Furthermore, it is known that these toxicities are dose-dependent, with higher dosages resulting in more frequent or more severe toxicities (Tang, 2021). Our patient had transitioned from every 3 week dosing to every 6 week dosing prior to the development of IO-gastritis. It is unclear whether the higher dosing and less frequent schedule contributed to risk of toxicity.
The multi-disciplinary workup and treatment of the patient in this case report was consistent with those described in current literature regarding immunotherapy-related gastritis (Weinmann and Pisetsky, 2019). Patients underwent EGD and biopsies demonstrating pathology consistent with gastric inflammation similarly to the patient described here. Interestingly, a wide spectrum of severity of inflammation resulting from IO-gastritis has been described. Biopsies with chronic duodenitis or chronic gastritis with rare granulomas have been reported in association with IO-gastritis as well (Simonaggio, 2019).
In the literature describing this IO-toxicity, patients were treated IV steroid treatment along with proton pump inhibitor and sucralfate, which was similar to the patient described here (Weinmann and Pisetsky, 2019, Makker, 2022). The updated ASCO guideline does include recommendation for high dose PPI during any treatment with high-dose steroids (Tang, 2021) to prevent ulceration that can often be a challenge seen with steroid treatment. For this reason it has been demonstrated that biopsy-confirmed diagnosis is critical prior to starting steroid treatment for toxicity involving the GI tract (Qin, 2020). Woodford et al described that the reported dose of IV steroids and duration of treatment was variable among published cases. Most frequently, patients were treated with 1–2 mg/kg/day of IV solumedrol, followed by a prolonged PO prednisone taper, decided on by the individual clinician (Weinmann and Pisetsky, 2019). Recurrence of symptoms while on treatment was reported in few cases (13%), suggesting that once symptoms are identified and appropriate treatment started, recurrence risk is low.
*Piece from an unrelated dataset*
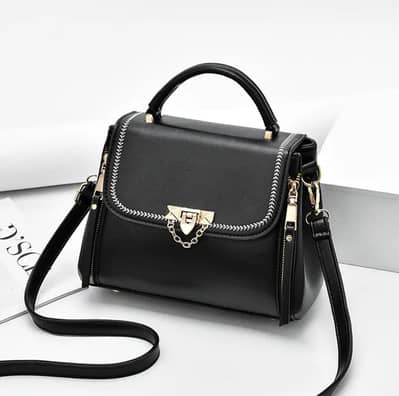 Leather shoulder bag for women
Post-treatment EGD to evaluate for resolution of gastritis has been reported and may be helpful when symptoms are resolved and restarting immunotherapy is being considered. Among the previous case reports describing this, only a small percentage of those patients underwent a post-treatment EGD to determine resolution of the adverse effect. Despite this, very few of the total number of patients had any recurrence of symptoms following completion of steroid therapy, suggesting that a post-treatment EGD may not be entirely necessary (Weinmann and Pisetsky, 2019). In order to guide subsequent oncologic therapy however, it could be considered.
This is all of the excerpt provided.